Page:Galien-Oeuvres anatomiques physiologiques et médicales-T2-1856.djvu/494

La bibliothèque libre.
Le texte de cette page a été corrigé et est conforme au fac-similé.
482
DES LIEUX AFFECTÉS, I, ii.

La nature de toutes les choses qui se forment n’est pas la même : pour celles qui sont homoïomères (composées de parties similaires) et qui n’ont aucune forme nécessaire, dès le principe l’essence est la même ; pour celles, au contraire, qui ont des formes variées et qui ne sont pas homoïomères, l’essence spéciale peut être postérieure à la formation qui est en train de s’opérer[1]. En effet, dans une maison on ne voit pas se construire simultanément les fondements, les murs, le toit, les tuiles, les portes, les fenêtres, dont la réunion, faite d’une certaine façon, et l’assemblage en une seule figure compose la substance de la maison. Mais une maladie chaude ou froide, humide ou sèche, dès le principe, aussitôt que sont franchies les saines limites du tempérament, prend et conserve toujours dès le principe la même nature ; si, vu son peu d’intensité, elle échappe souvent à notre diagnostic, et si les malades ne s’en aperçoivent pas, elle a néanmoins une espèce particulière. C’est ainsi que l’inflammation, quelle que soit la partie du corps, ou très-grande ou très-petite, dans laquelle elle s’est fixée, est une affection une et identique, variant, non de figure, mais d’étendue. Que certaines affections puissent exister dans le corps sans être encore visibles, à cause de leur peu d’intensité, la preuve en est dans la goutte d’eau qui, avec le temps, creuse le rocher, et qui a donné lieu à ce vers cité à si juste titre :

La goutte d’eau finit, en tombant incessamment, par creuser la pierre[2].

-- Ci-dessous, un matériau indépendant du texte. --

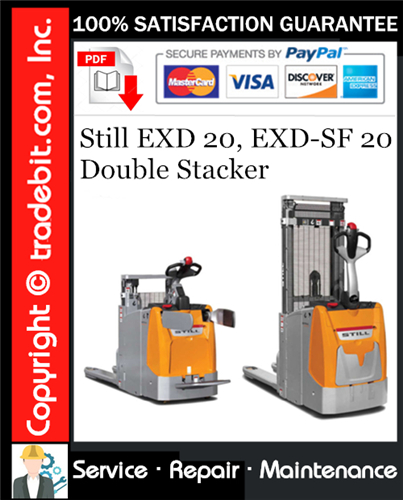 Product picture Still EXD 20, EXD-SF 20 Double Stacker Service Repair Manual Download ★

Et cependant il ne suffit pas d’un, de deux, trois, quatre chocs de l’eau tombant sur le rocher, ni même de cent, pour rendre visible la cavité. D’ailleurs, il n’est pas possible que le premier coup n’ayant rien fait, le second fasse quelque chose ; car il aurait, relativement au rocher, le même résultat que le premier. Il faut donc, si la deuxième goutte doit agir sur le rocher, que la première l’ait modifié de manière qu’il ne soit pas reste absolument ce qu’il était dès le principe. En effet, s’il demeure entière-

  1. Ainsi il suffit d’une parcelle d’os (partie homoïomère, selon Galien) pour constituer un os ; mais une parcelle de foie (partie anhomoïomère) ne suffit pas pour qu’on dise d’elle que c’est le foie, puisque cette parcelle ne suffit pas pour remplir les fonctions qui constituent l’essence du foie.
  2. Choerili Fragm., n° 9, ed. Dühner. — Cf. Ovide, Ars amandi, I, 475.